Millionaire travel uninterrupted: TxDOT takeover of municipal airports

Link to article here.

Millionaire travel uninterrupted: Texas taxpayers to takeover municipal airports
By Terri Hall
Examiner.com
April 1, 2013

It sounds like something you’d hear on April Fool’s Day, but in Texas, Governor Rick Perry and his highway department are quite serious. The Texas Department of Transportation (TxDOT) just announced it plans to takeover operations of 13 municipal airports across the state that have lost federal funding due to cuts triggered by sequestration.

Perry asked TxDOT to temporarily pay for air traffic controllers, presumably, for public safety, but it’s no coincidence that the governor and his Transportation Commissioners jet set into and out of these small airports for state business, though commercial air travel is much more cost effective for taxpayers. It appears this airport stopgap will directly benefit the governor and his highway commissioners. Perry also uses these airports for campaign travel, especially when he ran for president in 2012.

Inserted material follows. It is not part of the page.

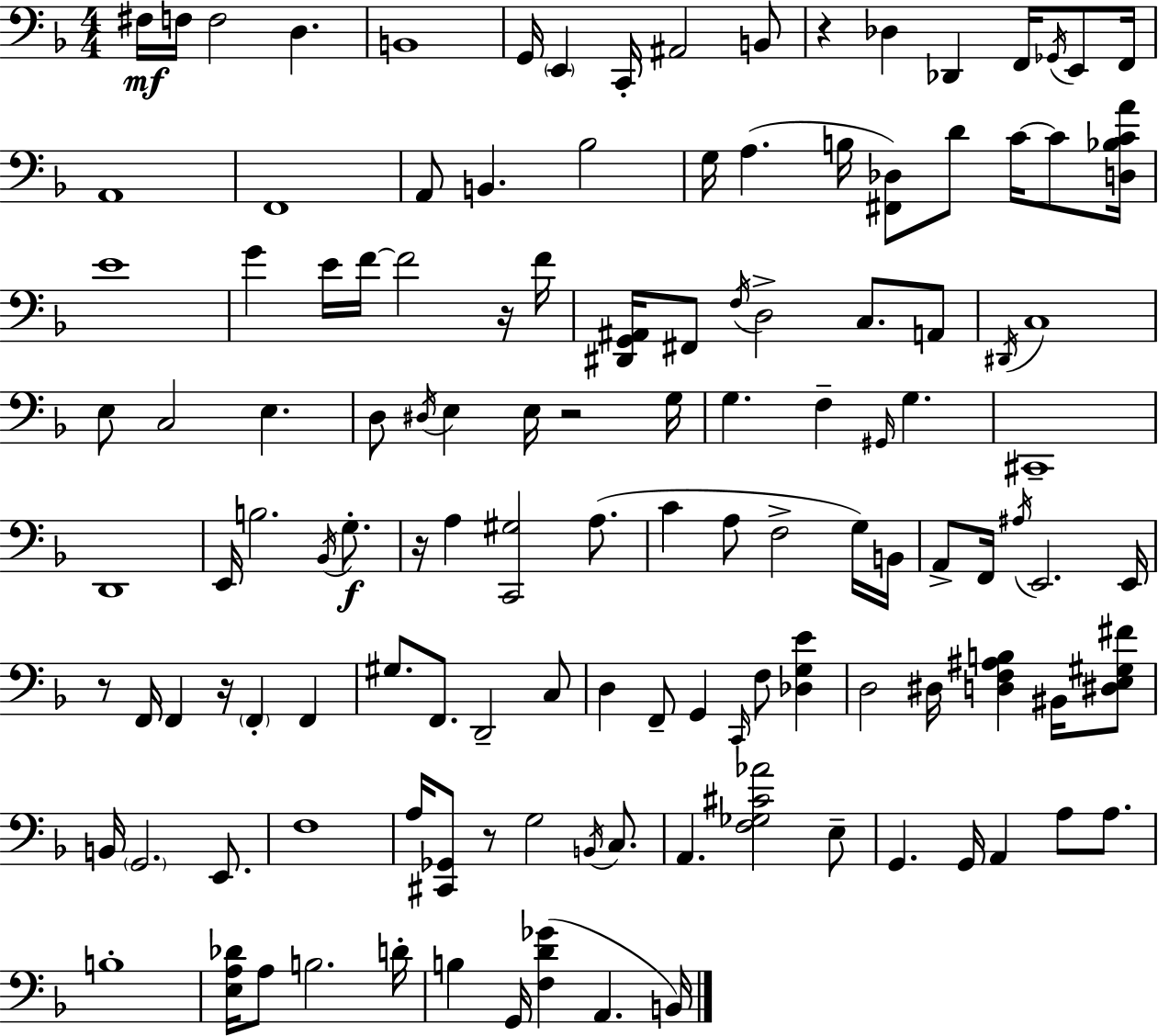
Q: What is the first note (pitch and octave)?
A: F#3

Is this really an ‘emergency’?
The primary clientele at municipal airports are corporate jets. So between the state travel and corporate millionaires, few Texans will see this as a legitimate ‘emergency’ that warrants millions in state taxpayer dollars.

Taking over airport operations expands TxDOT’s role in aviation. Up until now, the department’s aviation division simply built runways and taxiways for these municipal airports. Now it’s venturing into actual operations of the airports at a time when TxDOT’s budget is cash-strapped and will run out of money to build and maintain Texas highways beyond next year. To add salt to the wound, Perry drained $2.6 million in state gas taxes for his presidential campaign travel in order to pay for his security detail.

Certainly the 25 million Texans that depend on state highways for daily living would put a higher priority on building and maintaining our roads than it would on bailing out the federal government’s responsibility to pay air traffic controllers who staff these small airports and to keep what amounts to corporate airports that also accommodate government jet-setting open.

The Transportation Commission will hold an emergency special meeting April 4 to approve expending funds to maintain the air traffic control operations at these 13 airports. The Commission will re-evaluate the program after 90 days. TxDOT Executive Director Phil Wilson says he hopes the federal government will resolve the operational funding of these airports by then.
Considering gas taxes are the primary source of funding for TxDOT, this is yet another diversions of road taxes for non-road purposes, an abuse that's stirred up the grassroots for decades. So once again it's taxpayers who are being played the fool on this April Fool's Day.